E4,000 in deposit account (being saved to repay loan to relative) Drip feeding 135 per month into this from rent-a-room scheme.

*Do you have a pension scheme?*
No.

*Do you own any investment or other property?*
No just the family home.

*Ages of children:*
3 and 6

*Life insurance:*
Yes. (Tied up to mortgage.)

*What specific question do you have or what issues are of concern to you?*
We received 23k from a relative as a gift and I'm wondering where will it make the most impact as we owe quite a bit of money and our salaries aren't great. 
We 'net' about 650 a week but if one of us can't work it goes down to about 320 for that week. (I'm hoping my calculation of our 'gross' salaries accurately reflects our weekly net.

I was thinking of using the money to pay off both our personal loans.
My husband needs to get a car as with the new taxi legislation his 98 isn't good enough and we will have to pay about 7k for this.
We were going to take out a credit union loan for this car. We have about 3k in the account and hoping he can borrow about 10, then pay back the 3k to the relative who's money we are using to have in the account.. 

We are getting 23k as a gift from a generous relative and with all of our bills/debt,s we don't know where to put it to make the most impact for us.

Our mortgage is 1370 a month. (We rent a room so receive 500 towards the mortgage. It was used to save to pay back the relative below until they were paid off.)
Loan from credit union of approx. 18k and paying 265 over 6 years or so.
Personal loan from relative for 10k which we have 4k saved for.
We run two cars and need to purchase another one (taxi) as the one we have is 1998 and out of date for the new regulations. Hoping to get a decent one that will do us for approx 7k.
(we were going to get a credit union loan for this.)

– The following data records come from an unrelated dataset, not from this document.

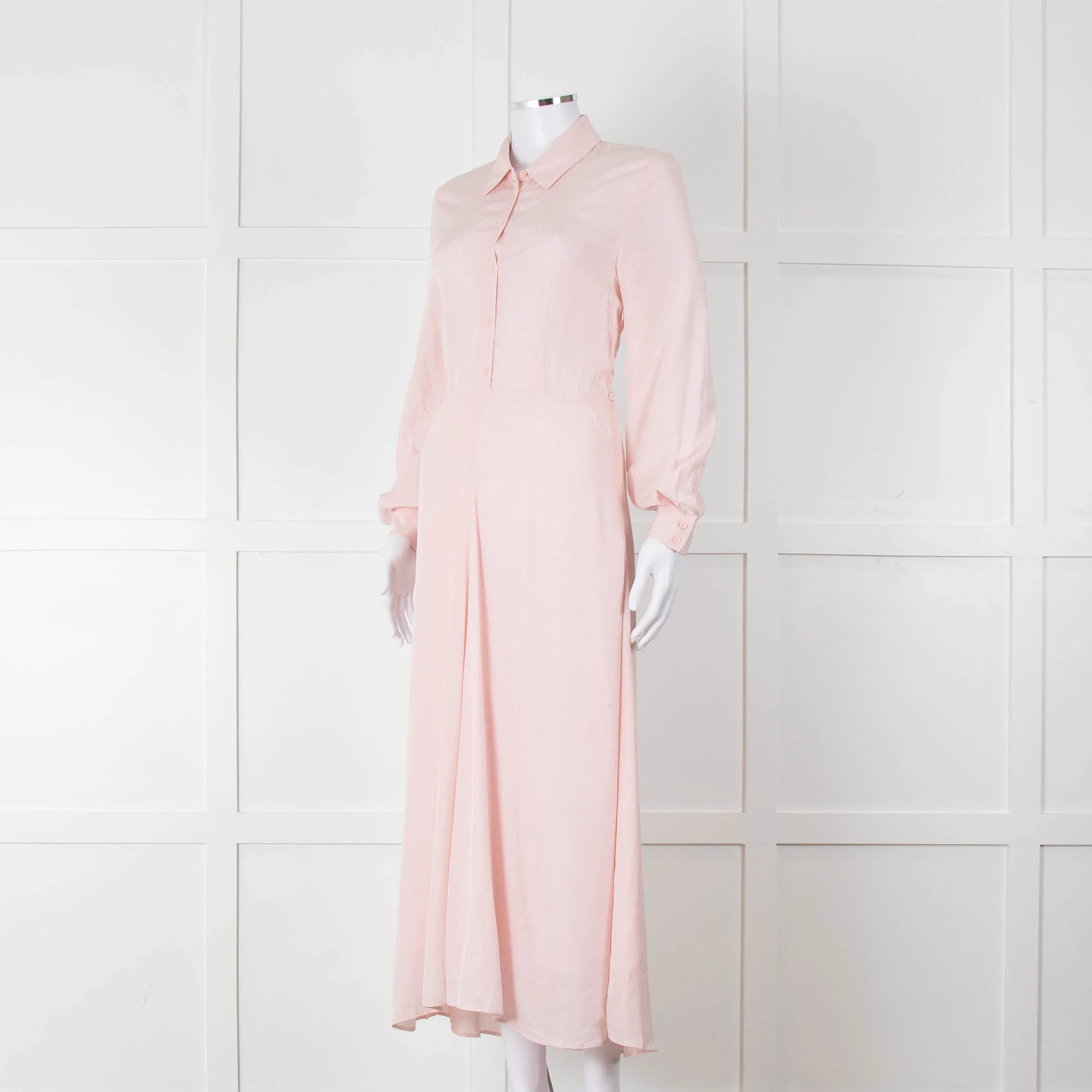 Claudie Pierlot Pale Rose Pink Long Sleeve Midi Dress - Image 8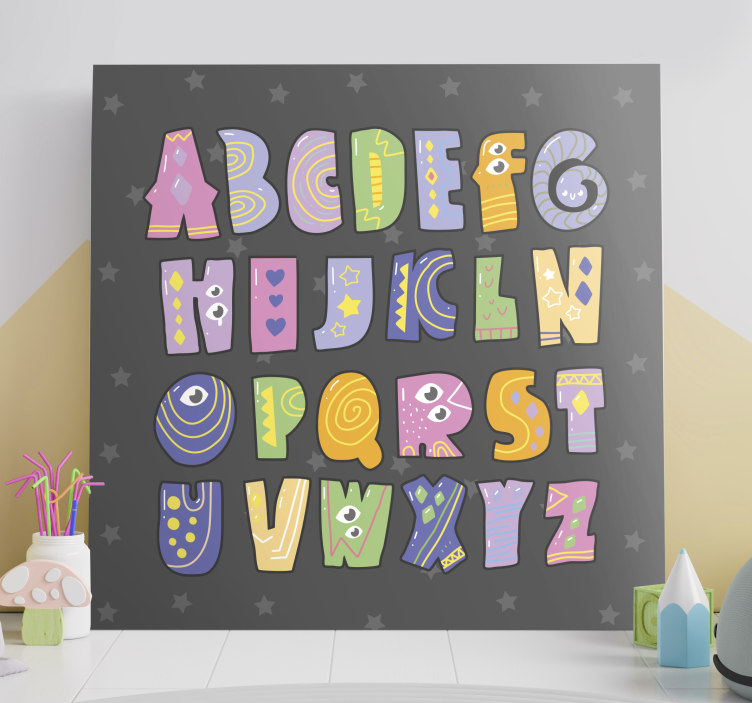 Spalvoti abėcėlės drobės atspaudai - „Tenstickers“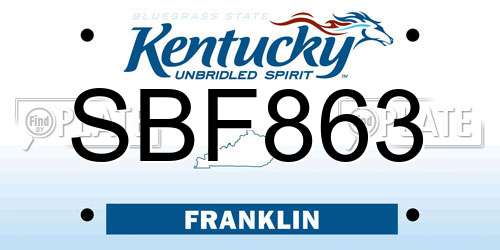 SBF863 Kentucky License Plate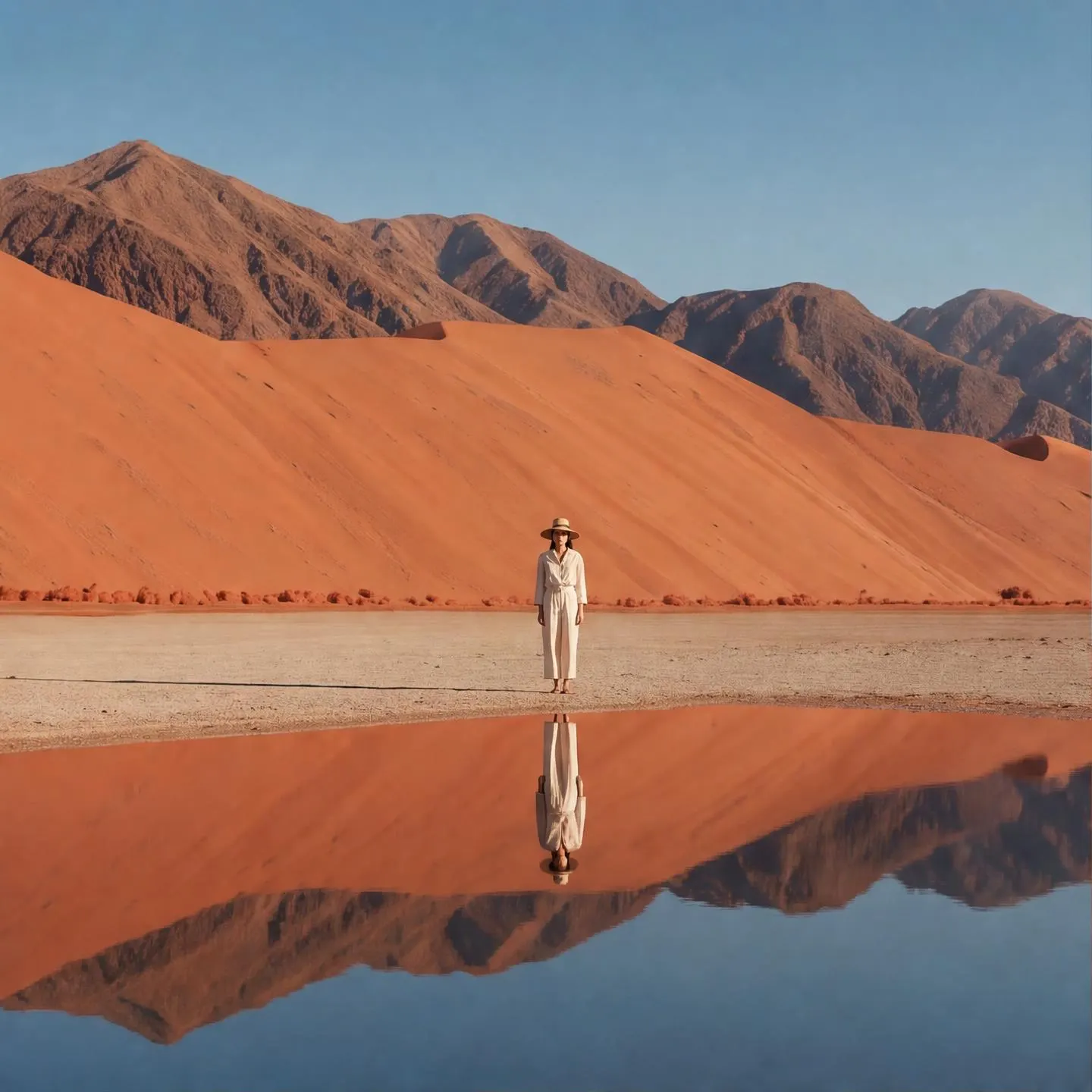 Generated image: tiny figure reflected in a salt flat before dunes and mountains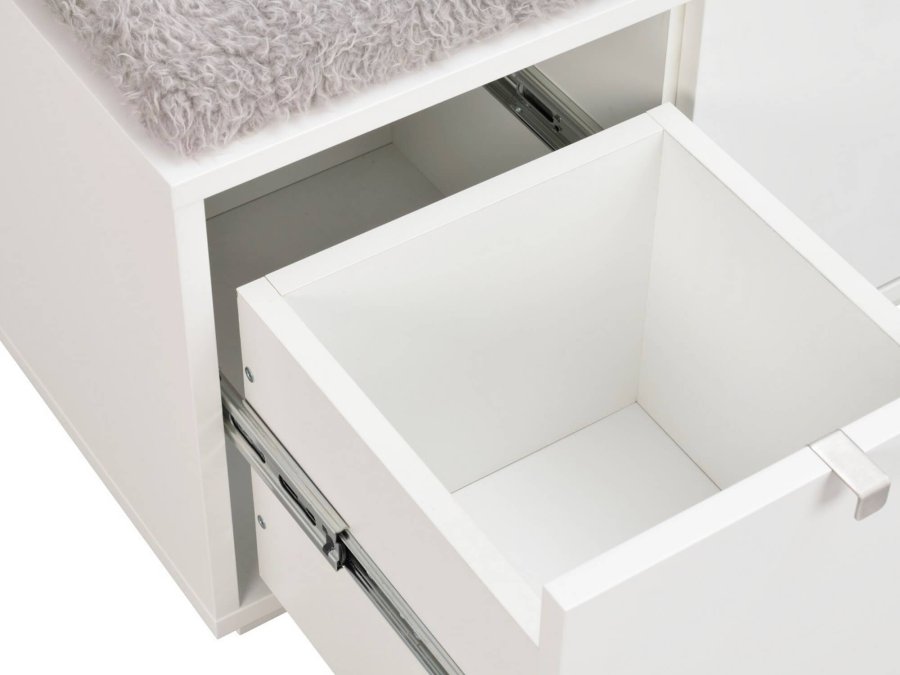 ROWICO Confetti bnk - hvidlakeret tr/lysegr stofhynde, m. 2 skuffer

We also need/want the following:
A small extension for an extra bedroom for us to rent out to students as a source of income as we are in the city.
Bathroom is in a bad way and needs to be done up (since the 70's).

We are bringing in after tax about 650/700 a week.

Any advice would be greatly appreciated.

I thought myself the best option would be to pay the credit union loan for 18k. Pay the relative the 10K back.

But maybe this isn't the best option as I know it's hard to get credit these days are are we better off keeping the loans.

The vice is also tightening for us in relation to tax increases, insurance increases, and the possiblity of interest increases too.

Thanks again for any tips. I read the forums a lot and enjoy them.


Prior to this happy news, I was toying with the idea of asking the mortgage company to give us interest only mortgage for six months and use the rest to tackle the personal loans. Not sure if this is a good idea though.


----------



## Brendan Burgess (13 Feb 2011)

What relationship is the relative to you? You may have to pay up to 25% gift tax on the gift. 

You seem to have a lot of loans and savings at the same time. 

Your most expensive loan is probably the Credit Union. 
You have €18k loan - probably at 6% = 1,080 ( check though, it could be higher) 
You have €5k deposit - probably at 1% = 50

So you are paying 1030 on a net loan of €13k which is 8%

Cash: €23k + 4k in savings
Pay tax: € 6k 
Pay off credit union: €13k
Cash left: €4k 

Borrow €3k from Credit union to buy new car. 

*Gift tax 
*Ask a separate question on this in the tax section before you get the gift. It might be better to split the gift in two depending on the relationship with the donor.

Brendan


----------



## Gettingby (13 Feb 2011)

Brendan Burgess said:


> What relationship is the relative to you? You may have to pay up to 25% gift tax on the gift.
> My husband's father. As far as I am aware, he can give him a certain amount before tax.
> 
> You seem to have a lot of loans and savings at the same time.
> ...


----------